WHAT IS REQUIRED:
The result should be the full listing copied exactly, with no pictures in it.

RAW DATA:

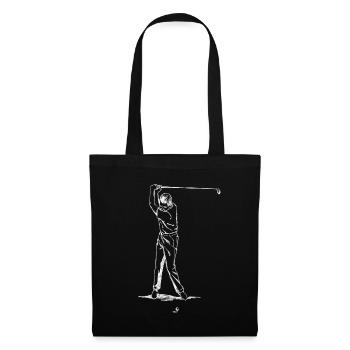Golfer Golf Golfen - Stoffbeutel - Schwarz - Vorne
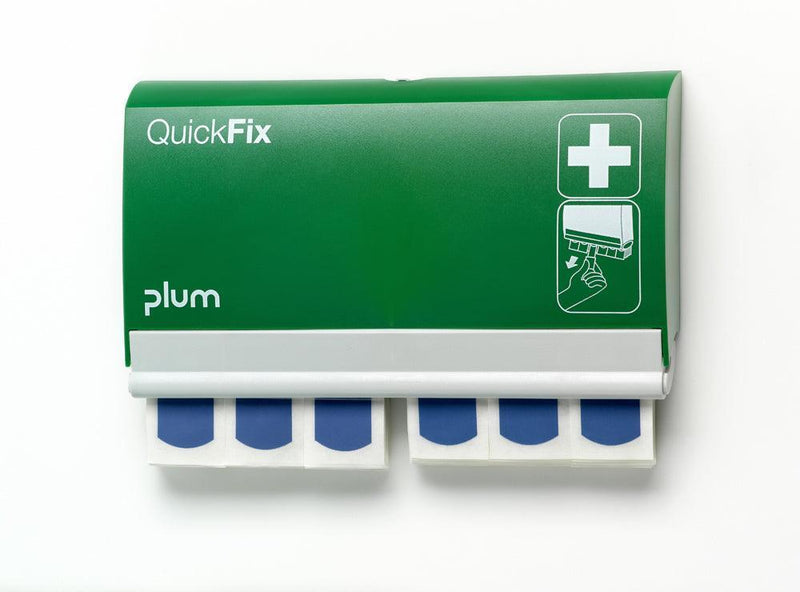 QuickFix Pflasterspender inkl. 2 x 45 Stk. Pflastern, BLAU, DETECTABLE mit integrierter Metallfläche, für Lebensmittelindustrie, 5503 - Notemed Medizintechnik 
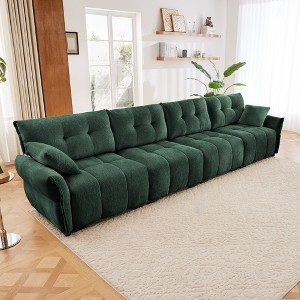 Modern 4 Seater Sofa with Solid Wood Frame and Premium Chenille,Upholstered Sofa with High Resilience Cushions,Living Room or Office Lounge Sofa-Koiai - 1 of 4
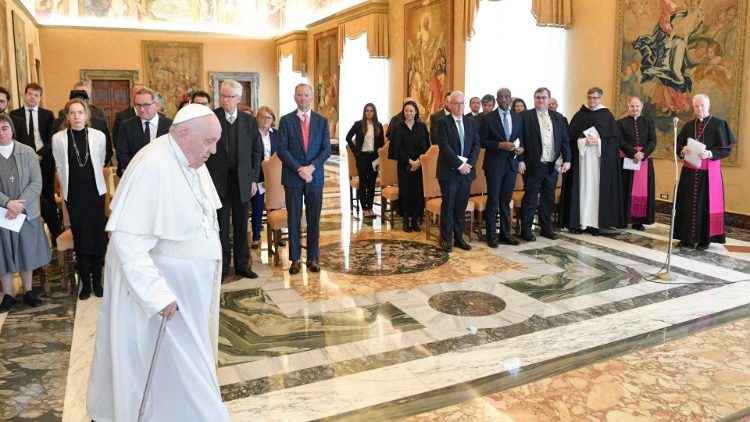 Francesco nella Sala del Concistoro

EXERCISE OUTPUT:
Golfer Golf Golfen - Stoffbeutel - Schwarz - Vorne
 QuickFix Pflasterspender inkl. 2 x 45 Stk. Pflastern, BLAU, DETECTABLE mit integrierter Metallfläche, für Lebensmittelindustrie, 5503 - Notemed Medizintechnik 
 Modern 4 Seater Sofa with Solid Wood Frame and Premium Chenille,Upholstered Sofa with High Resilience Cushions,Living Room or Office Lounge Sofa-Koiai - 1 of 4
 Francesco nella Sala del Concistoro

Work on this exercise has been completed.